The vote was taken among an estimated 2,000 non-unionized workers who have been attempting to organize with the help of Service Employees International Union, SEIU Local 1 President Tom Balanoff said at a news conference at the union’s headquarters.
The employees, who work mostly for private contractors at the airport in jobs such as baggage-handling, security, catering and cleaning, are protesting retaliation against union organizers and workplace grievances such as unpaid overtime and unsafe working condition. The workers also hope to see wages at the airport boosted to a minimum of $15 per hour.
The Chicago Department of Aviation is “committed to ongoing dialogue with all parties” and does not expect to see any disruption to service during the holidays, a spokesman said.
The Aviation Department “expects every contractor to follow the law, and will aid the Chicago Department of Business Affairs and Consumer Protection and the Illinois Department of Labor to take whatever action is necessary,” spokesman Owen Kilmer said. “We do not anticipate any disruption in service at Chicago’s airports during the holiday season and encourage passengers to contact individual airlines for information regarding their specific flight.”

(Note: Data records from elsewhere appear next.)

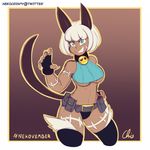  2017 animal_humanoid blue_eyes breasts cat_humanoid claws clothed clothing feline female fingerless_gloves gloves hair hi_res humanoid mammal nadia_fortune nekocrispy scar short_hair skullgirls solo under_boob white_hair 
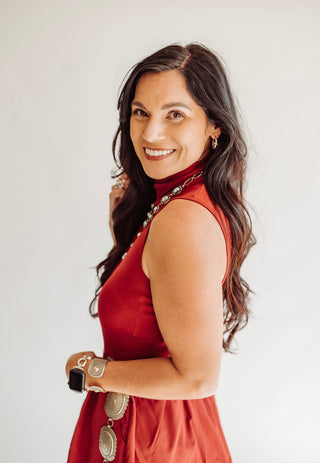 Kyla mock neck crimson midi dress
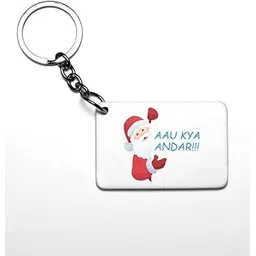 tulip art May I Come In: Funny Designed Key Chain Gift For Secret Santa (Pack of 2)-picture-39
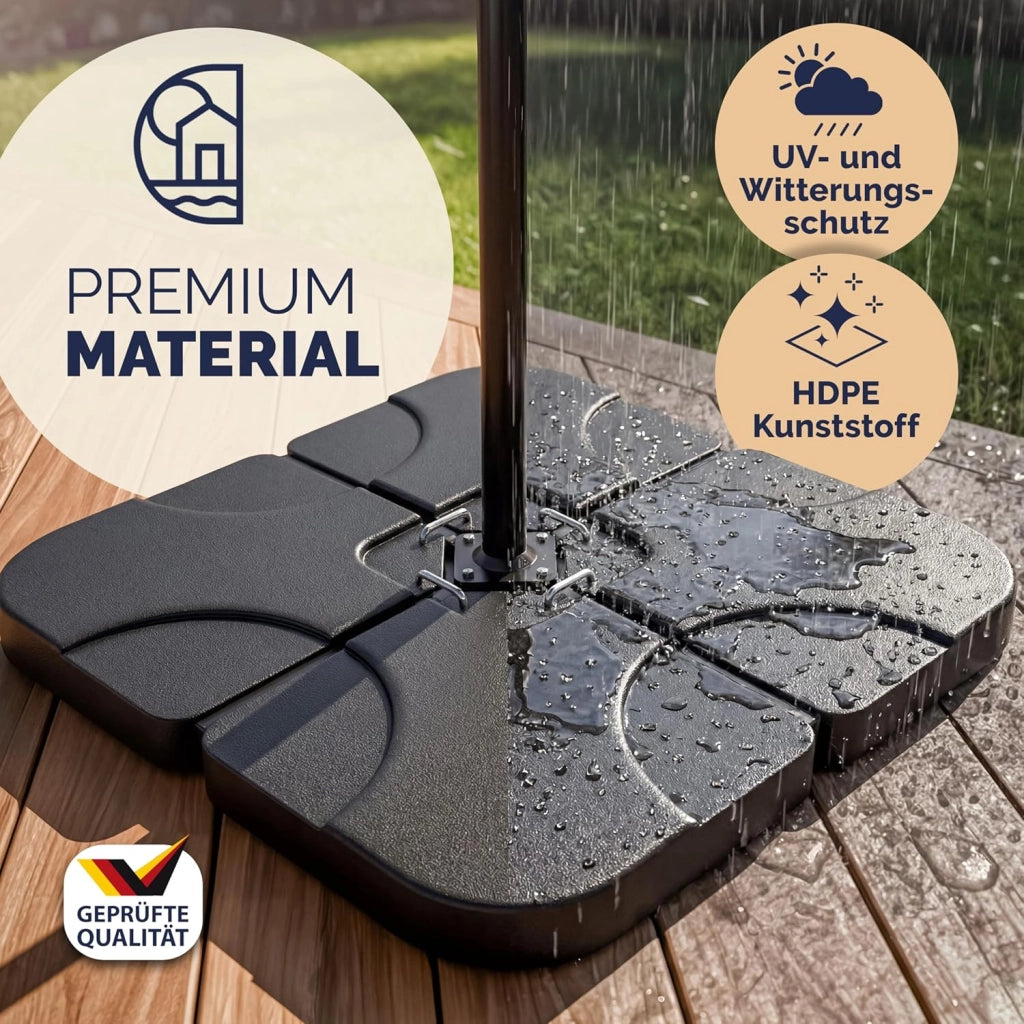 ® Pesi Base Ombrellone 4 Pezzi 80kg 60L Riempibili con Acqua Sabbia Ombrelloni a Braccio Base a Croce Resistente alle Intemperie Connettori Metallici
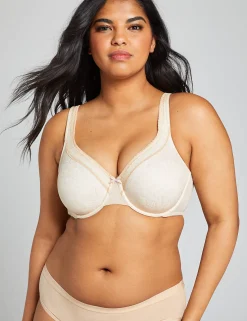 F To K Cups^Lane Bryant Modern Lace Unlined Full Coverage Bra Cafe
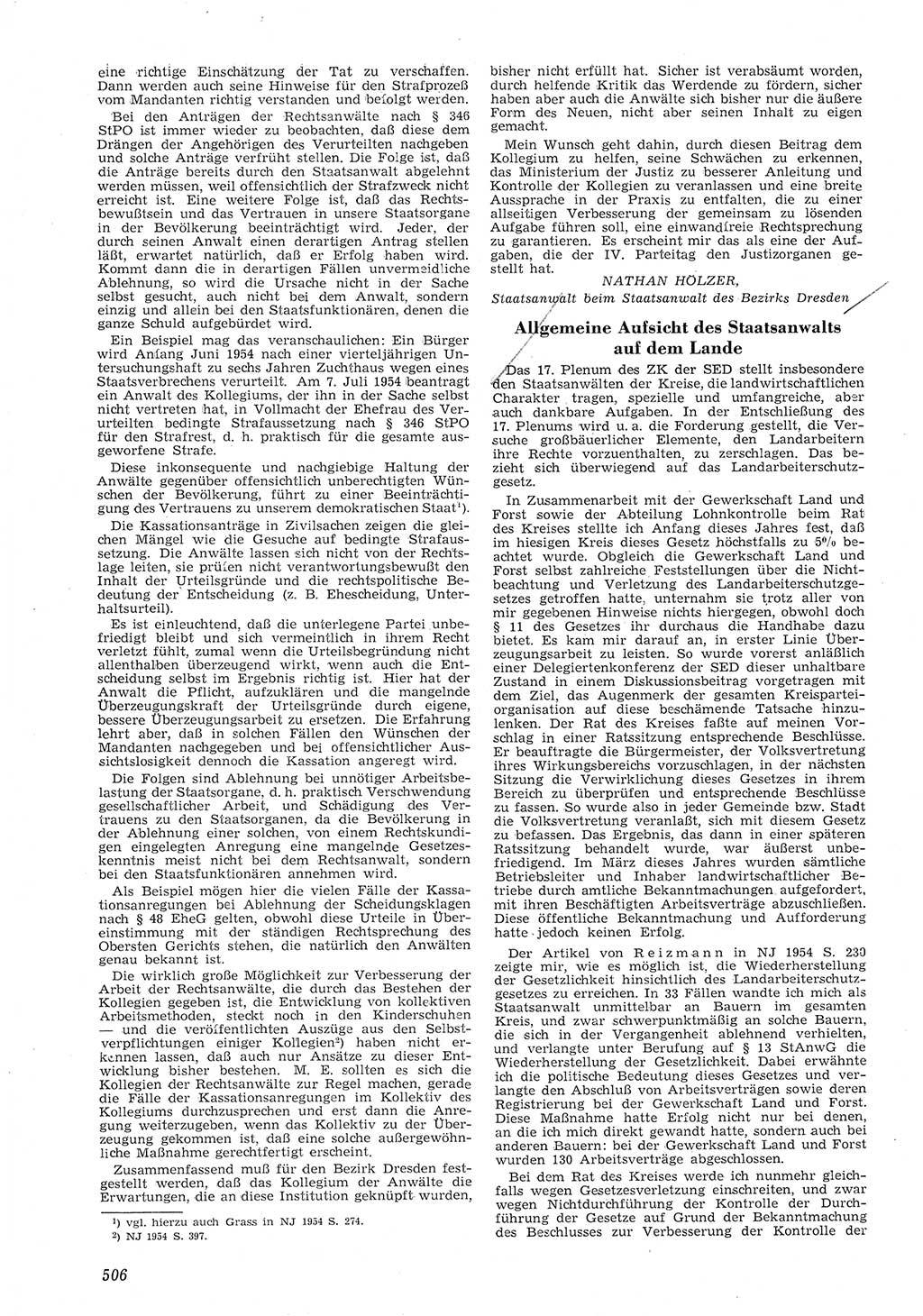 Neue Justiz (NJ), Zeitschrift für Recht und Rechtswissenschaft [Deutsche Demokratische Republik (DDR)], 8. Jahrgang 1954, Seite 506 (NJ DDR 1954, S. 506)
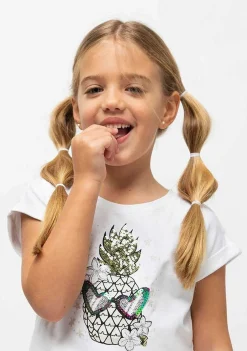Camisetas-Conguitos Camiseta "Abacaxi" Que Brilha No Escuro Para Meninas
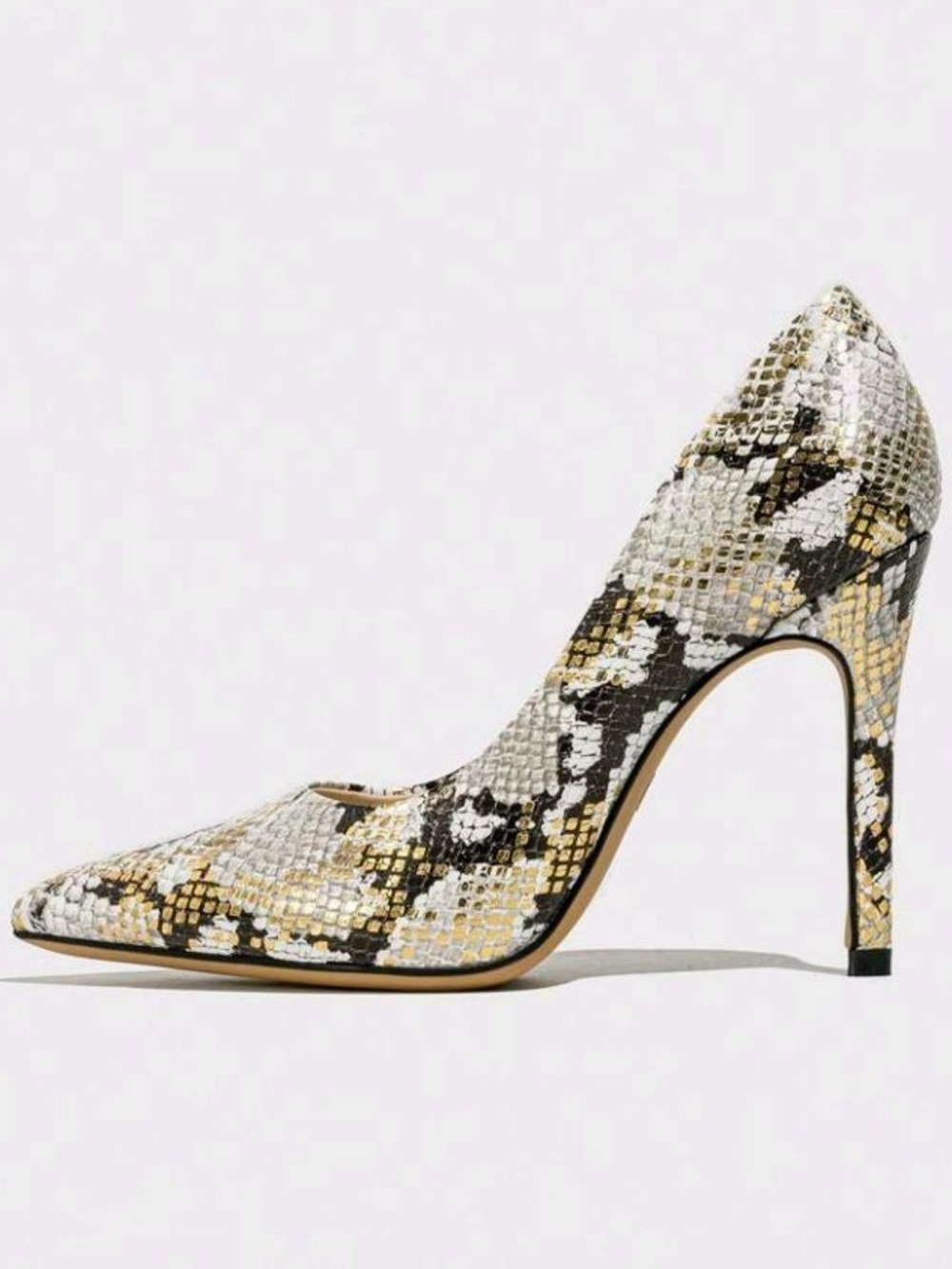Snake-Print Pointed Toe High Heel Pump in White and Gold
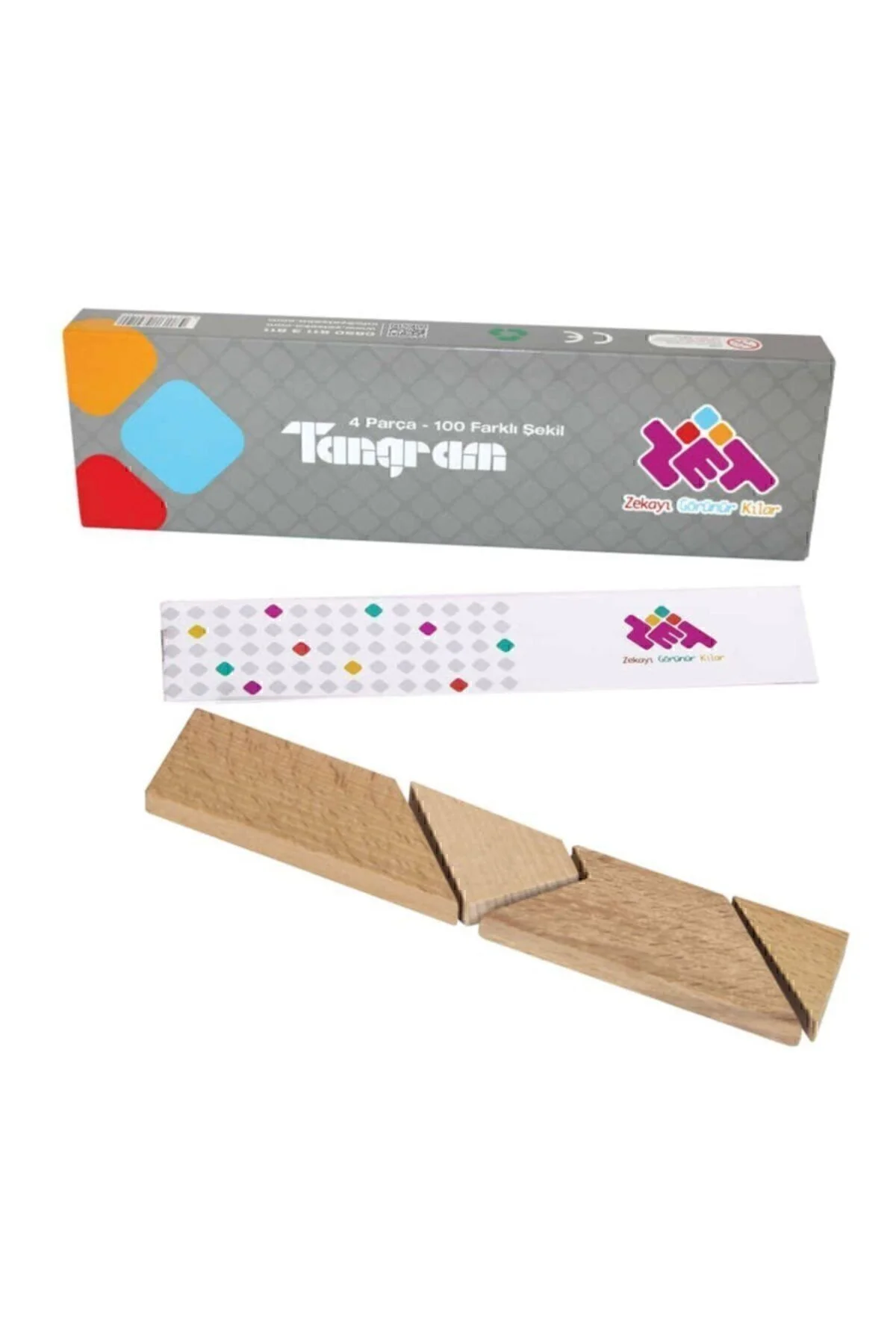 T Tangram Zeka ve Akıl Oyunu 4 Parça 100 Farklı Şekil 5 Yaş 1 Oyuncu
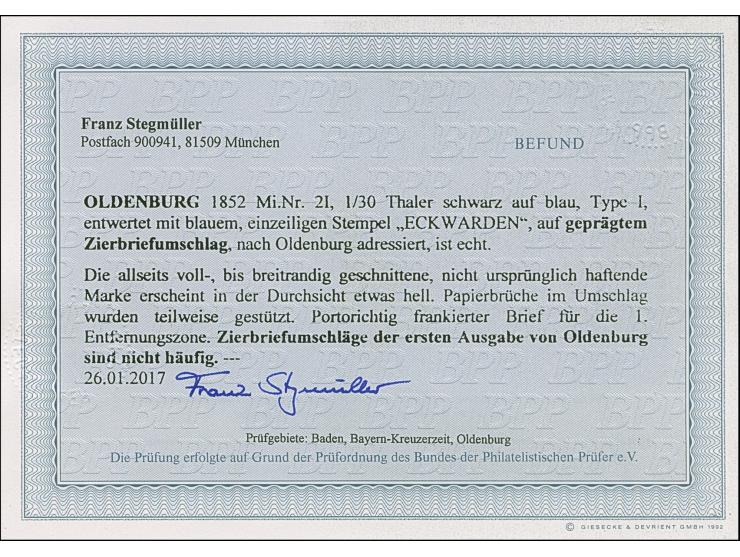 “ECKWARDEN” blauer L1 auf 1/30 Th. auf blau, auf geprägtem Zierbriefumschlag mit zweitem Abschlag rechts oben nach Oldenburg,
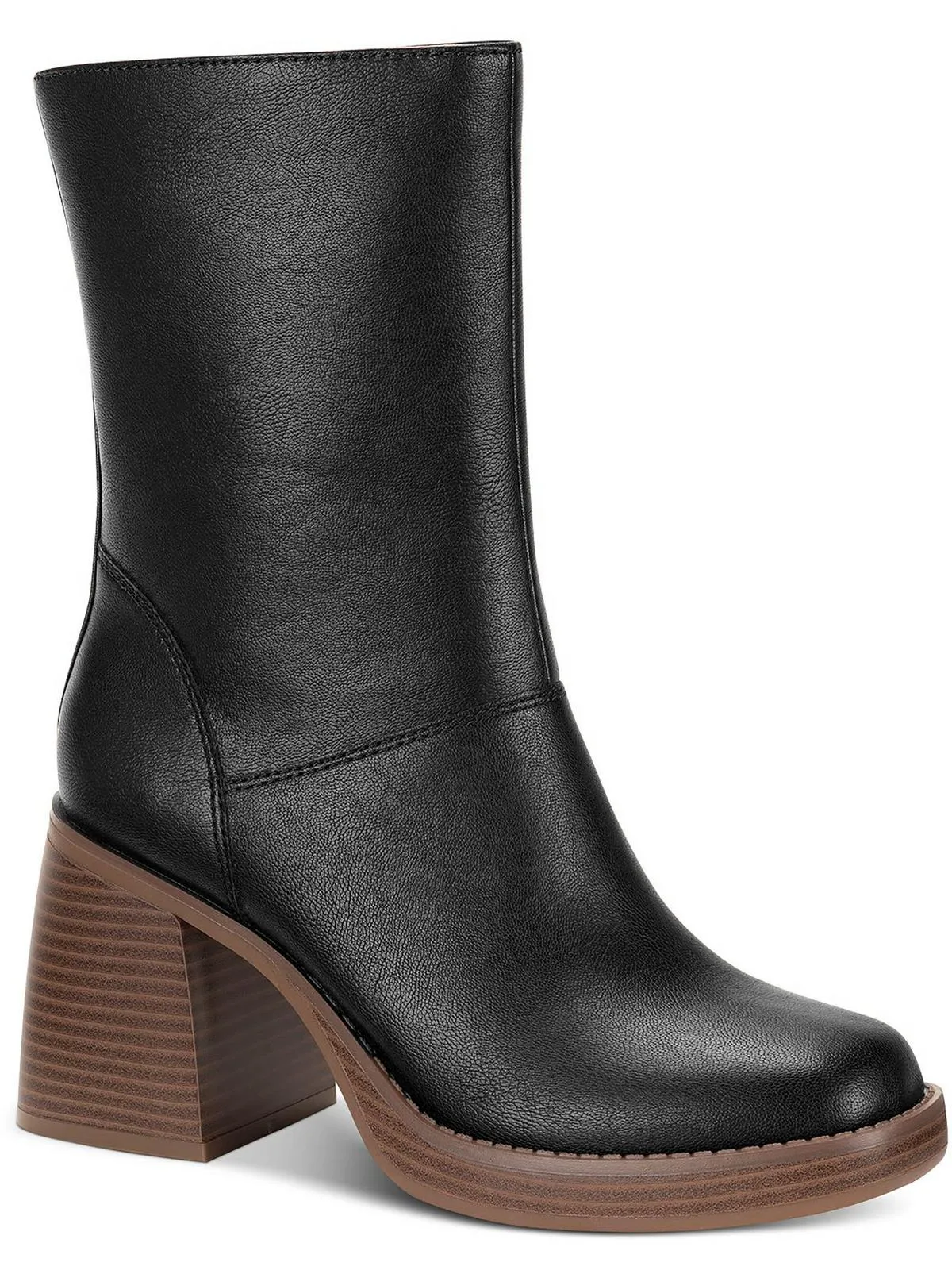 Aleenn Womens Stacked Round Toe Mid-Calf Boots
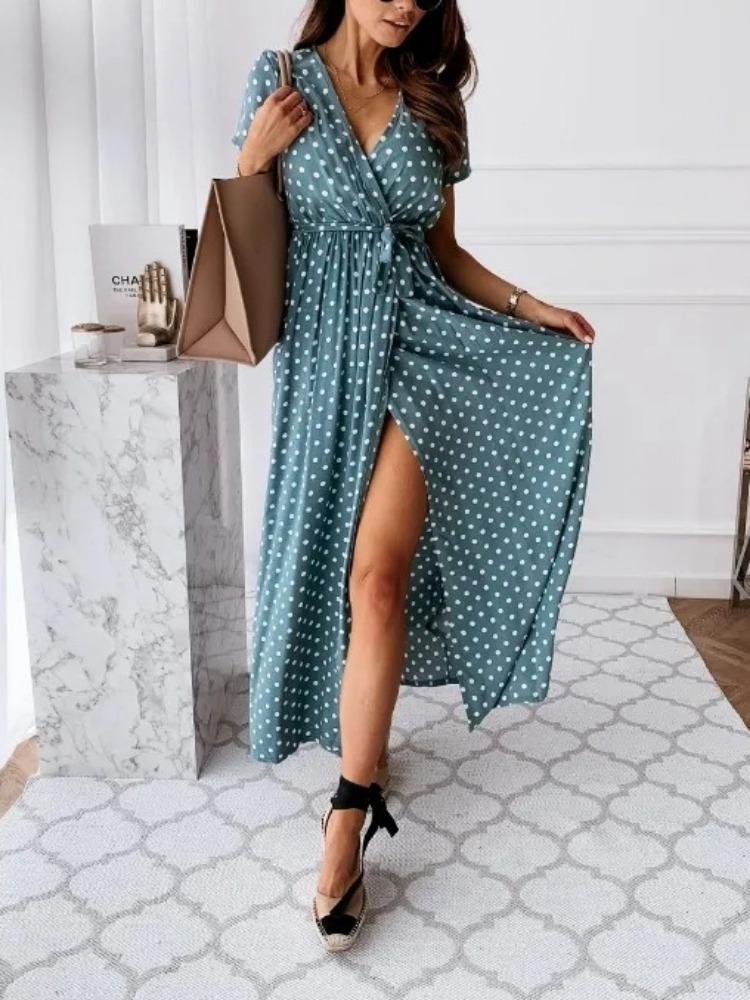 Summer Women's Fashion V-neck Dress Belt Slit Casual Loose Fitting Dress Versatile Solid Color Polka Dot Printed Dress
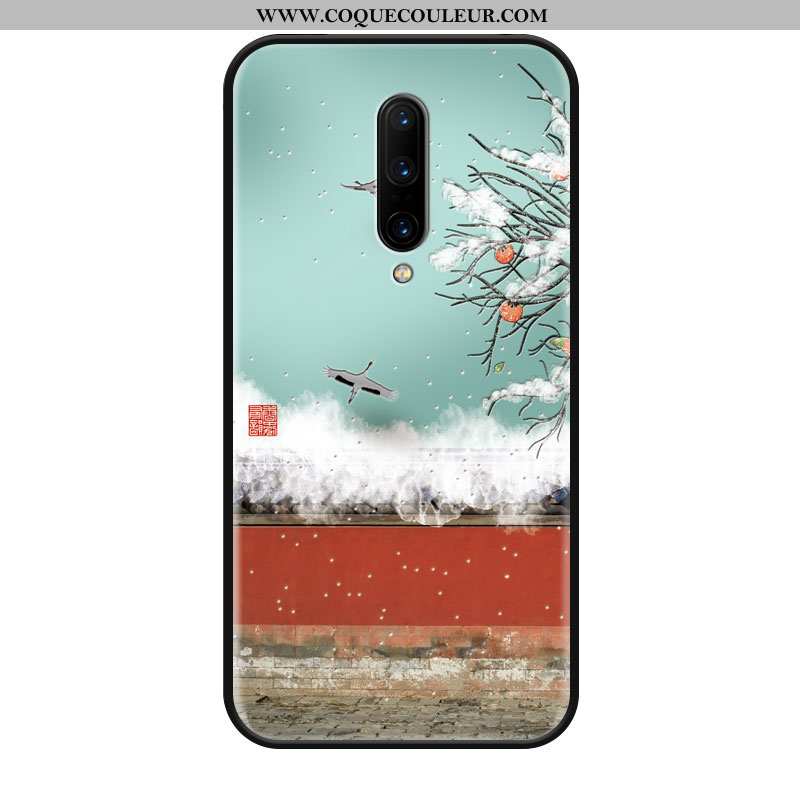 Coque Oneplus 8 Protection Silicone Style Chinois, Housse Oneplus 8 Vintage Peinture Bleu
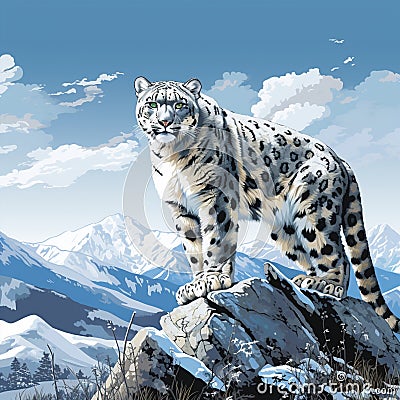Majestic Snow Leopard Perching on a Rocky Pinnacle in a Snowy Landscape Stock Photo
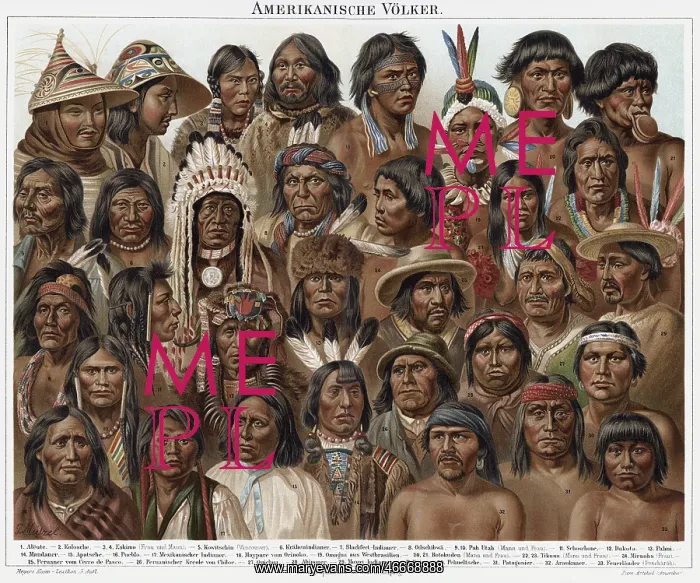  : ethnicities, American people color plate, lithograph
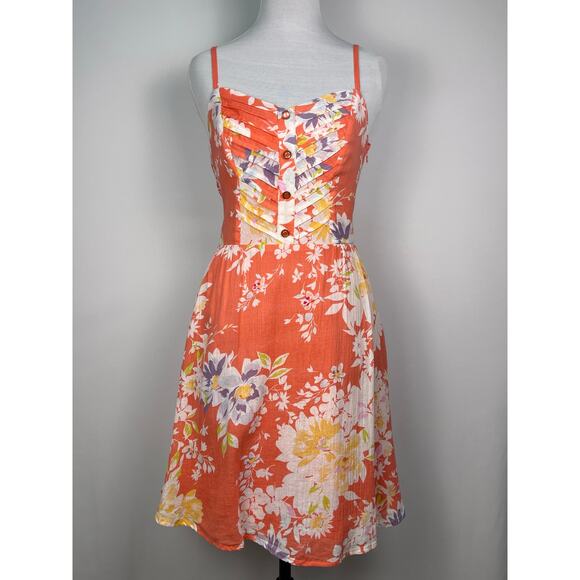 Lauren Conrad Orange Floral Mini Sundress Size 4 - Picture 1 of 10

Balanoff would not say how many workers had joined the vote — calling it an “overwhelming majority” of those asked to vote — but said the number was great enough that a walk-out could slow, but not shut down, operations at the world’s fourth-busiest airport.
“They don’t expect to shut the airport down. That’s not what they’re trying to do. Oh, there will be disruption,” Balanoff said to cheers from and audience that included Ald. Scott Waguespack (32nd), and Ald. George Cardenas (12th). What “they’re trying to do is get the powers that be to hear their voice.”
Airport workers surveyed for the strike vote were, on average, older than 30. Most make less than $12 an hour.
Oliwia Pac, 24, has worked at the airport for more than three years, pushing passengers in wheelchairs, standing watch on security or attending to unescorted minors. She said her employer frequently shorts her on wages — each of her duties pays at a different rate, ranging from $8.25 to $11.50 — and she injured her wrist pushing two wheelchairs at the same time, a practice that she called commonplace but which violates labor laws.
“I definitely think a lot of people will strike if it comes to that,” Pac said. “I really think people are sick and tired.”